12579.diff (970 bytes ) - added by vijay_shanker 12 years ago.
added a paragraph referring get_or_create concurrency issue

Download all attachments as: .zip

Change History (25)

comment:1 by Karen Tracey, 15 years ago

I don't agree that the ideal situation is that Django code strive to prevent race conditions regardless of how the underlying database tables are defined. Rather I believe the ideal situation is that tables be defined such that the database is where race conditions get dealt with. Databases already have to deal with these issues, I don't believe attempting to duplicate their effort correctly in Django is a good idea.

In this specific case it seems possible to get quite close to the kind of database constraint you are looking for by declaring flag to be a NullBooleanField that is unique_together with parent_id. The database will then disallow multiple 1 (True) values for any given parent_id. It will also disallow multiple 0 (False) values. If that is an issue -- that is, if you need to be able to allow multiple "non 1" values for a given parent_id, then you can use NULL instead of 0 to represent the "not 1" case, since NULL != NULL you will be able to have multiple NULL entries for a single parent_id.
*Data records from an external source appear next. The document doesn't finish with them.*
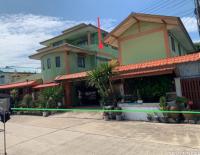 บ้านเดี่ยวหลุดจำนอง ธ.ธนาคารกสิกรไทย พระนครศรีอยุธยา เสนา สามกอ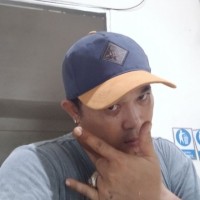 Nelson Immanuel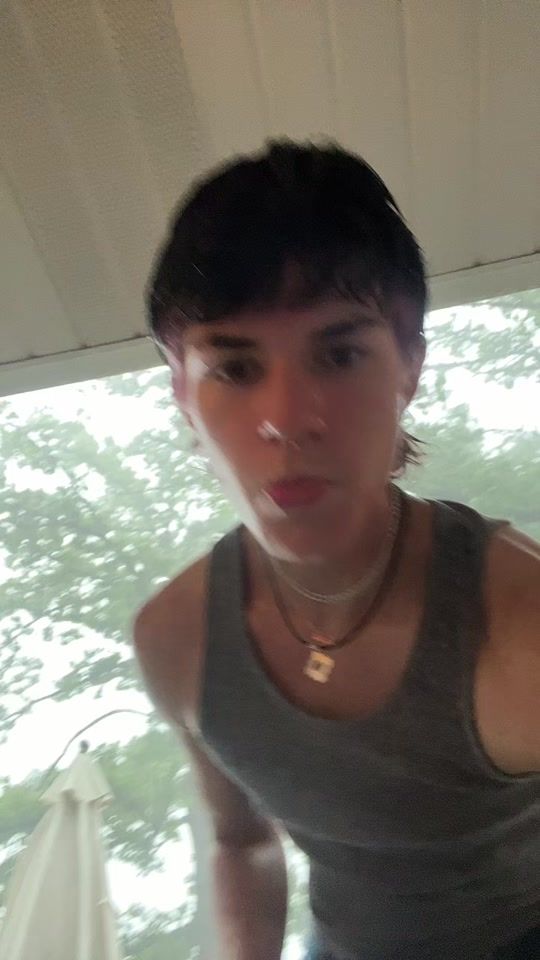 TikTok video thumbnail by finnly125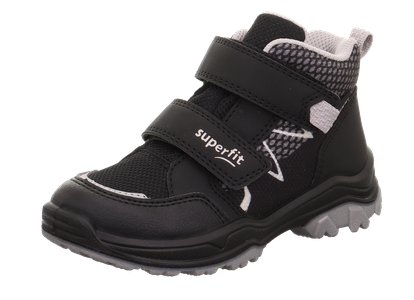 Демисезонные Ботинки Jupiter Gore-Tex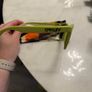 Oakley Frogskins - Aspen Green Image 3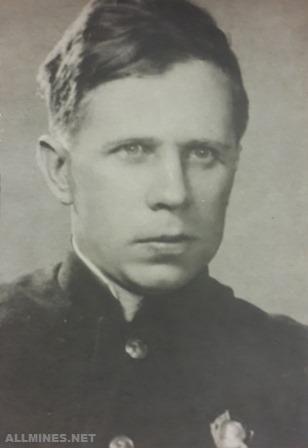 Shibaev 1939AMN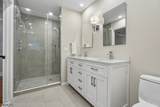 497 Mine Brook Rd - Photo 19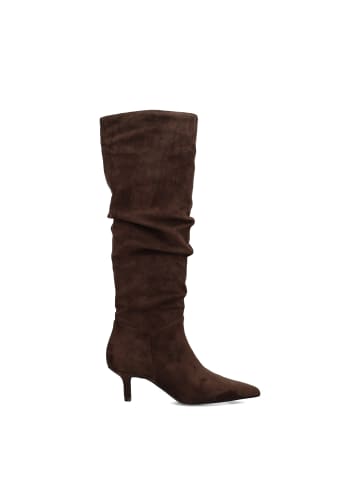 POSH by Poelman ANITA Damen Stiefel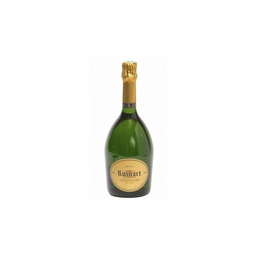 RUINART Champagne Brut 75 cl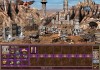 Heroes of Might and Magic III: The Restoration of Erathia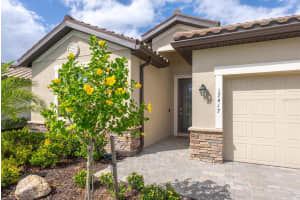 17417 Blue Rdg Pl, Bradenton, FL 34211, Sold 12/14/21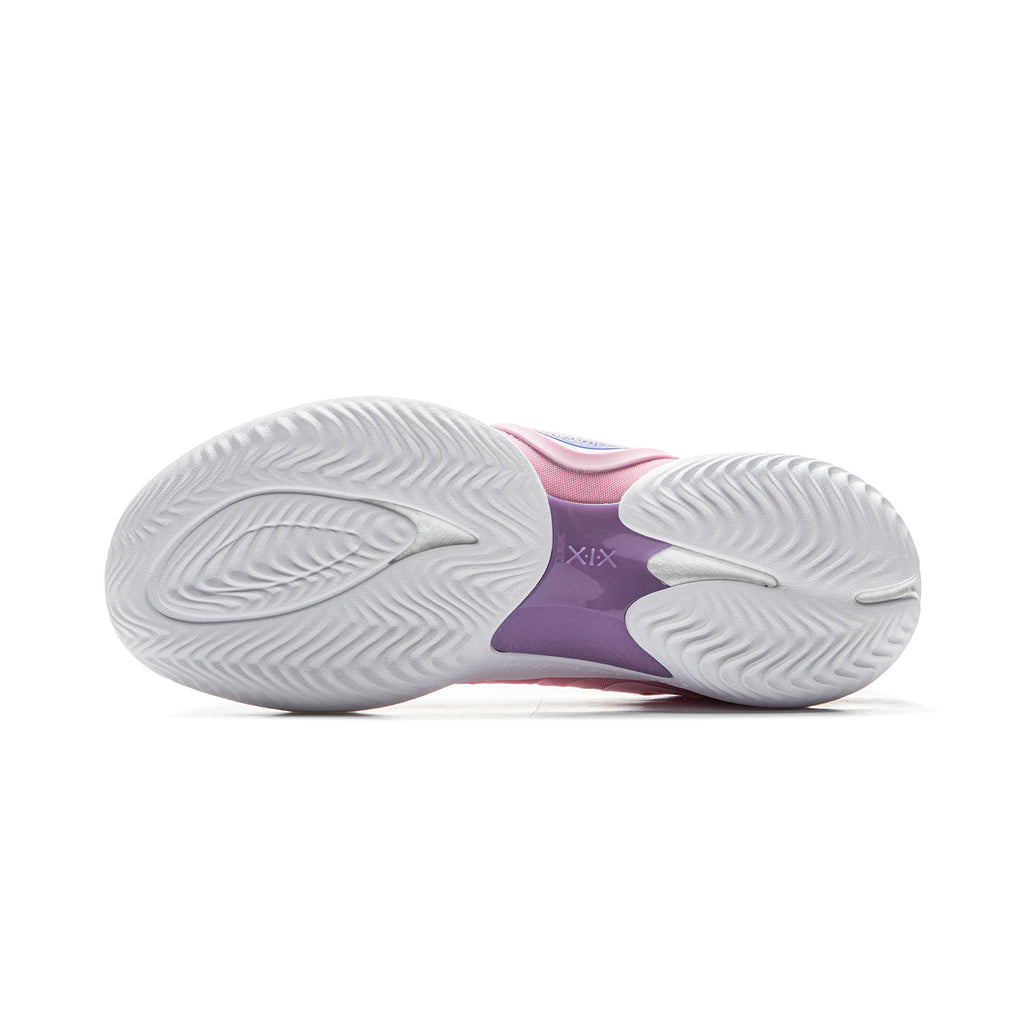 Li-Ning Yushuai "Valentine" ABAV005-1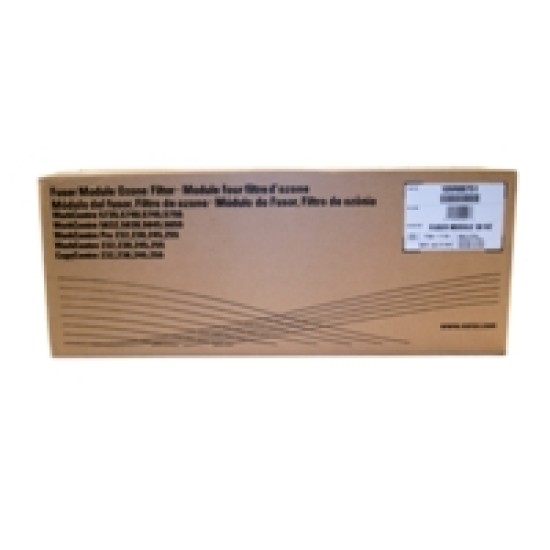 Xerox 109R00751 Orjinal Fuser Ünitesi - WorkCentre 5845 T3779
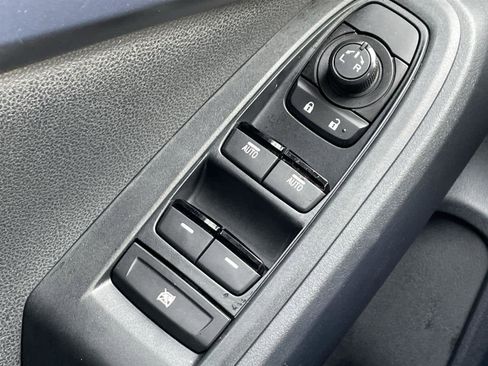 Used 2025 Subaru Impreza 2.0i image 25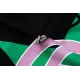 【GUCCI  公式旗艦店】グッチ  パーカー  スウェットご好評に付き再入荷 240805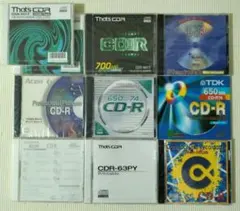 Item thumbnail for item 03655304-1a4d-4b0d-8446-5b6435b5abbc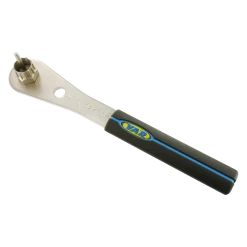 Var RL-62400-C Cassette Lockring Tool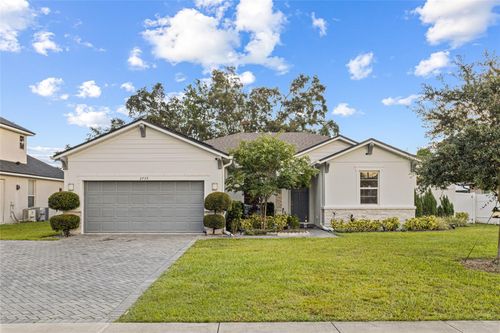 2739 Bancroft Blvd, ORLANDO, FL, 32833-4004 | Card Image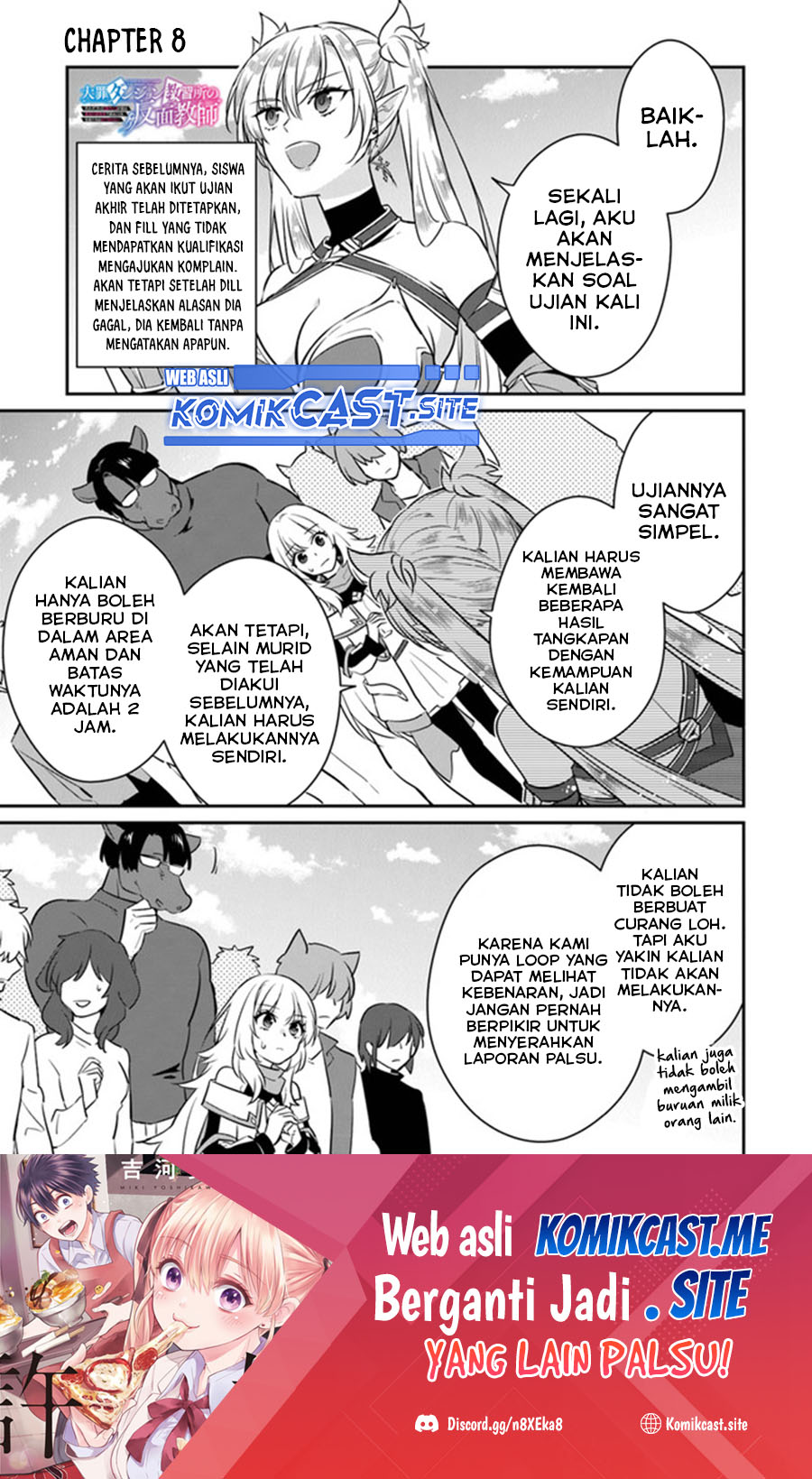 Halaman 2 dari 38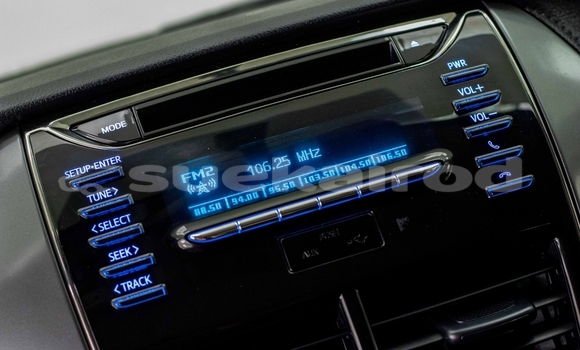 ซื้อ รถมือสอง Toyota Yaris Ativ อื่น ๆ รถยนต์ ใน %{เมือง} ใน สมุทรสาคร ซื้อ รถมือสอง Toyota Yaris Ativ อื่น ๆ รถยนต์ ใน %{เมือง} ใน สมุทรสาคร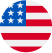 Usa flag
I think I agree, however, that the doc for get_or_create could be improved. The original implementation of this method did not attempt to support concurrent access. The doc (http://docs.djangoproject.com/en/dev/ref/models/querysets/#get-or-create-kwargs) states its intended use case is things like data-import scripts and rather discourages its use in views. When #6641 was fixed the method became safe and useful to use for atomic creation of objects (assuming proper model constraints are specified) in a view. Unless I'm missing something, I don't see why the doc shouldn't make it clear that the routine is safe to use for this function.

comment:2 by Russell Keith-Magee, 15 years ago

Component: Database layer (models, ORM)Documentation
Triage Stage: UnreviewedAccepted

I agree with Karen - this is an area for documentation improvement describing the circumstances where the method can be used safely, not an opportunity to reproduce database logic in Django's ORM

comment:3 by Matt McClanahan, 14 years ago

Severity: Normal
Type: Bug

comment:4 by Tomasz Zieliński, 14 years ago

Cc: tomasz.zielinski@… added
Easy pickings: unset

JFYI get_or_create is broken also in one other way: I think the problem is still there: http://stackoverflow.com/questions/2235318/how-do-i-deal-with-this-race-condition-in-django/2235624#2235624

comment:5 by Tomasz Zieliński, 14 years ago

Easy pickings: set

(Sorry for accidential unsetting the easy pickings)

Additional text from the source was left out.